### SOURCE MATERIAL
-- -- --

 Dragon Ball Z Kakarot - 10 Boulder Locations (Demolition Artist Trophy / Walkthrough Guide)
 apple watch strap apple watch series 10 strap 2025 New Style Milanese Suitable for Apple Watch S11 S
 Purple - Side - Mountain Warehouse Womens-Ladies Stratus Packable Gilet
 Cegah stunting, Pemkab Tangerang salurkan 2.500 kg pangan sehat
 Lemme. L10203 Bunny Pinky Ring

-- -- --

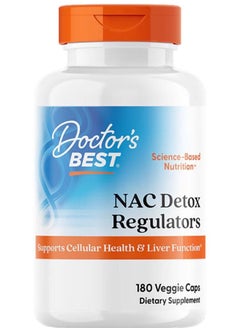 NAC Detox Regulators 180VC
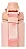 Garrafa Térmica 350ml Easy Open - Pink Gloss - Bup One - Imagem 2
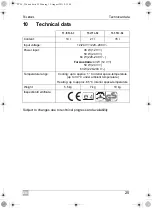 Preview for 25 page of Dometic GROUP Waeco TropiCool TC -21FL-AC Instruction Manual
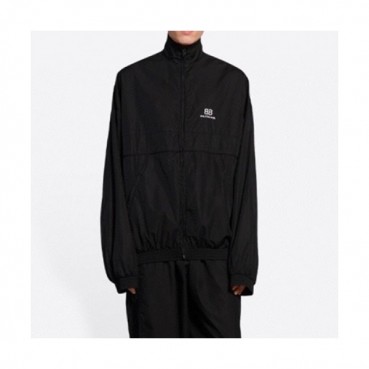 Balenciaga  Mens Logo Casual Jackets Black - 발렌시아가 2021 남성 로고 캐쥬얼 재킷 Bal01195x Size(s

-- -- --

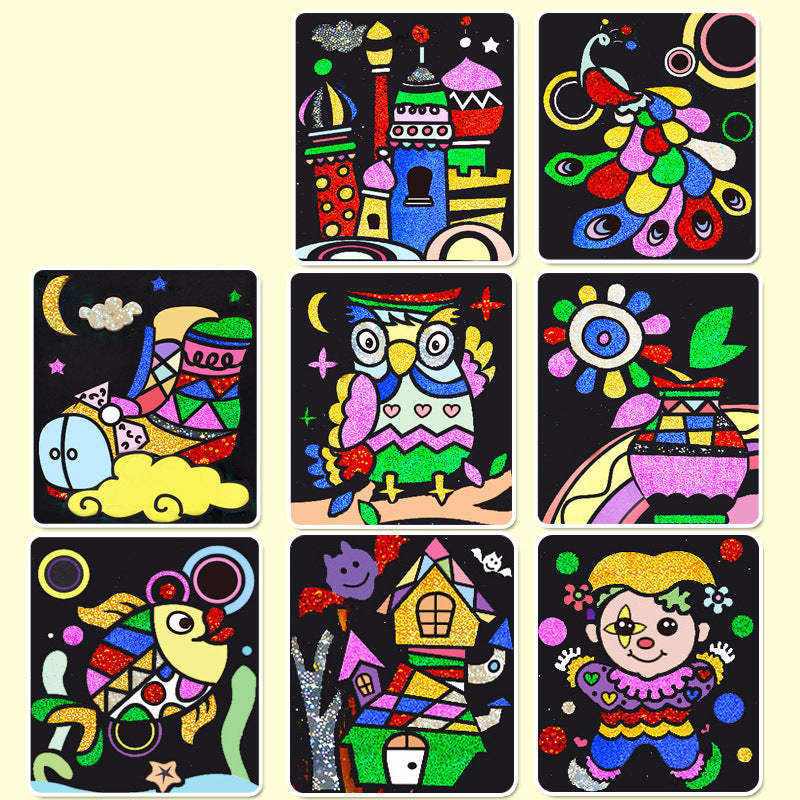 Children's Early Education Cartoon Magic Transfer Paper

-- -- --

### WHAT YOU HAVE TO DO
Find "Dragon Ball Z" in the entries above and copy that whole line exactly, then each line after it through the line that contains "Lemme. L10203 Bunny Pinky Ring".

### RESPONSE TO THIS TASK
 Dragon Ball Z Kakarot - 10 Boulder Locations (Demolition Artist Trophy / Walkthrough Guide)
 apple watch strap apple watch series 10 strap 2025 New Style Milanese Suitable for Apple Watch S11 S
 Purple - Side - Mountain Warehouse Womens-Ladies Stratus Packable Gilet
 Cegah stunting, Pemkab Tangerang salurkan 2.500 kg pangan sehat
 Lemme. L10203 Bunny Pinky Ring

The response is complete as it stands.